Re: Weird: Solr Search result and Analysis Result not match?

Erick Erickson Wed, 09 Nov 2011 10:15:45 -0800

Oh, one more thing. I wasn't suggesting that you *remove*
WordDelimiterFilterFactory from the query chain, just
that you should be more selective about the options. Look
at the differences in the options in the example schema for
a place to start....


Best
Erick

On Wed, Nov 9, 2011 at 12:33 PM, Erick Erickson <erickerick...@gmail.com> wrote:
> Regarding <1>. Take a look at admin/analysis and see the tokenization just
> to check.
>
> Oh, and one more thing...
> putting <LowerCaseFilterFactory> in front of <WordDelimiterFilterFactory>
> kind of defeats the purpose of WordDelimiterFilterFactory. One of the
> things WDDF does is split on case change and you're removing the case
> changes before WDDF gets hold of it.
>
> Best
> Erick
>
> On Tue, Nov 8, 2011 at 9:40 PM, Ellery Leung <elleryle...@be-o.com> wrote:
>> Thanks Erick, here are my responses:
>>
>> 1. Yes.  What I want to achieve is that when index is filtered with 
>> EdgeNgram, and a query that is not filtered in that way, I can do search on 
>> partial string.
>> 2. Good suggestion, will test it.
>> 3. ok
>> 4. Thank you
>> 5/6. Will remove the synonyms and word delimiterfilterfactory in query
>> 7. will look at that using Luke.  By the way, it is the first time I saw 
>> that there is a tool for that.  Thank you.
>> 8. Yes.
>>
>> Will check that again, thank you.
>>
>> -----Original Message-----
>> From: Erick Erickson [mailto:erickerick...@gmail.com]

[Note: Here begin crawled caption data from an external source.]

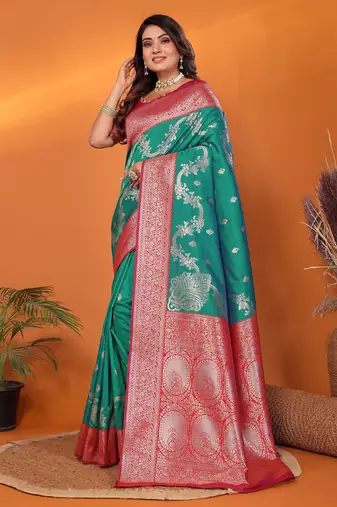 Pine green silk blend woven zari weaving banarasi saree with contrast weaving border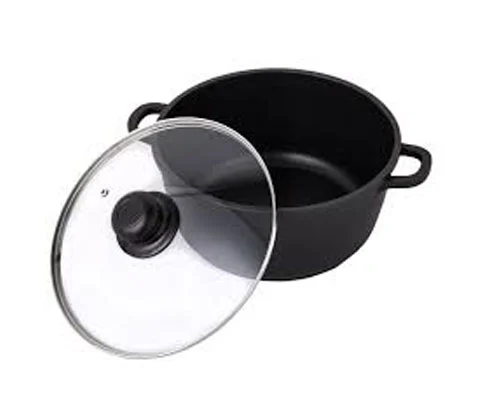 Black Casserole Pots With Glass Lid - EMP Cookware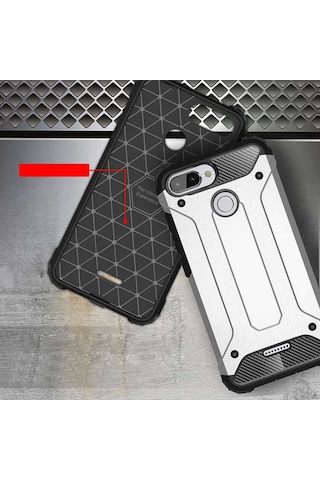 Noktaks - Xiaomi Uyumlu Xiaomi Redmi 6 - Kılıf Çift Katman Zırh Tank Crash Military Kapak - Siyah T6813 Siyah
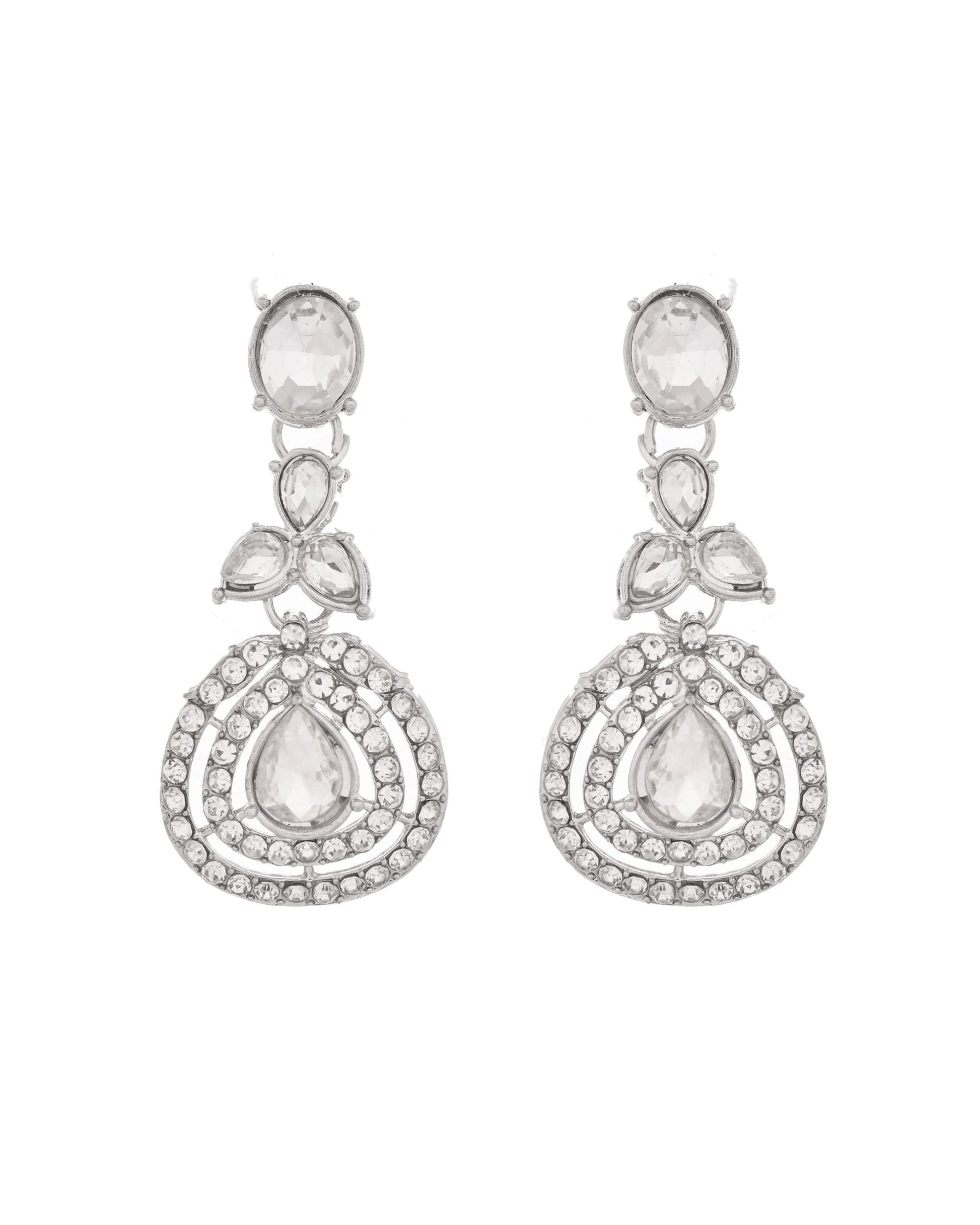 VOJ Silver-Plated CZ Studded Jewellery Set With Maang Tikka 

>> Sent: 2011年11月8日 9:52 下午
>> To: solr-user@lucene.apache.org; elleryle...@be-o.com
>> Subject: Re: Weird: Solr Search result and Analysis Result not match?
>>
>> Several things:
>>
>> 1> You don't have EdgeNGramFilterFactory in your query analysis chain,
>> is this intentional?
>> 2> You have a LOT of stuff going on here, you might try making your
>> analysis chain simpler and
>>     adding stuff back in until you see the error. Don't forget to re-index!

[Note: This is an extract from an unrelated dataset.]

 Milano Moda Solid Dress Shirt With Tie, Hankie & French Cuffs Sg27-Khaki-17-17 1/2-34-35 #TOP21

>> 3> Analysis doesn't take into account query *parsing*, so it's
>> possible to get a false sense of
>>     assurance when the analysis page matches your expectations.
>> 4> Even though nothing jumps out at me except the Edge.... factory,
>> nice job of including
>>     information.
>> 5> It's unusual to expand synonyms both at query and index time,
>> usually one or the
>>     other with index time preferred.
>> 6> Same with WordDelimiterFilterFactory. If you put all the variants
>> in the index, you don't
>>     need to put all the variants in the query and vice-versa.

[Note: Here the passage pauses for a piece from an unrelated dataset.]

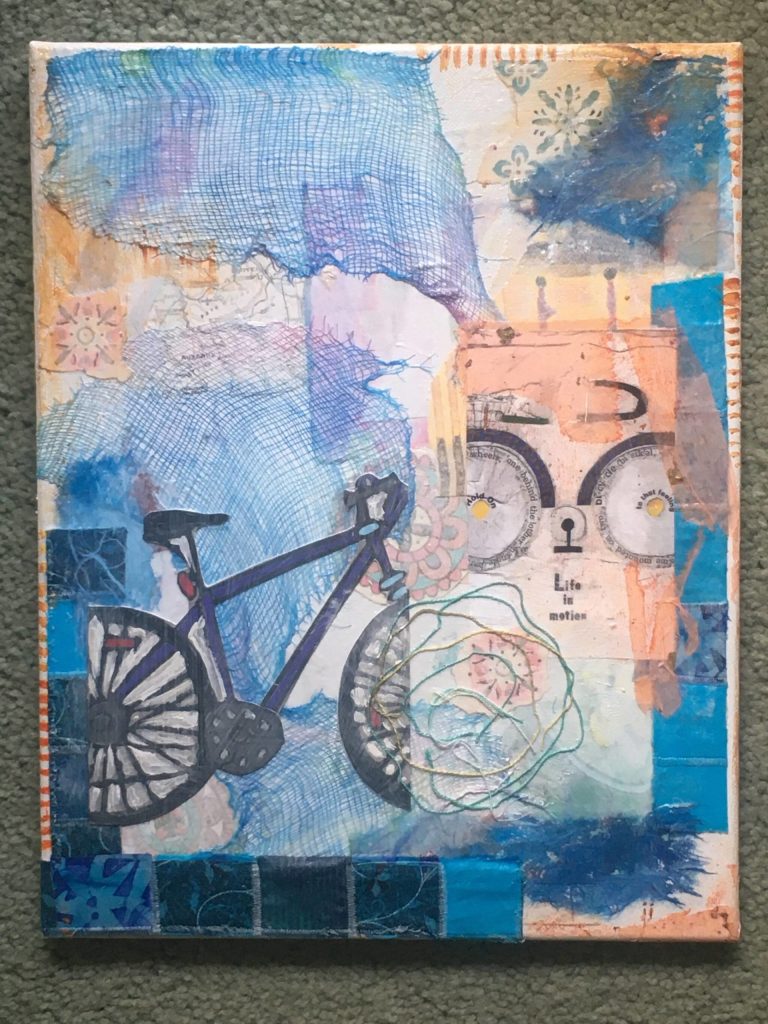 Submitted art / Motion is Lotion by Liisa Fagerlund, a featured artist in the Interlaced Lore – Adventure, Fellowship, & Perseverance exhibit, part of the 17th-annual North Olympic Fiber Arts Festival.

>> 7> Take a look at your actual contents, perhaps using Luke to insure
>> that what you expect
>>      to be in your index actually is.
>> 8> You did re-index after your latest changes to your schema, right <G>?
>>
>> All of this is a way of saying that I don't quite see what the problem
>> is, but at least there are
>> some avenues to explore.
>>
>> Best
>> Erick
>>
>> On Mon, Nov 7, 2011 at 9:29 PM, Ellery Leung <elleryle...@be-o.com> wrote:
>>> Hi all.
>>>
>>>
>>>
>>> I am using Solr 3.4 under Win 7.
>>>
>>>
>>>
>>> In schema there is a multivalue field indexed in this way:
>>>
>>> ==========================
>>>
>>> Schema:
>>>
>>> ==========================
>>>
>>> <field name="myEvent" type="myCustomText" multiValued="true" indexed="true"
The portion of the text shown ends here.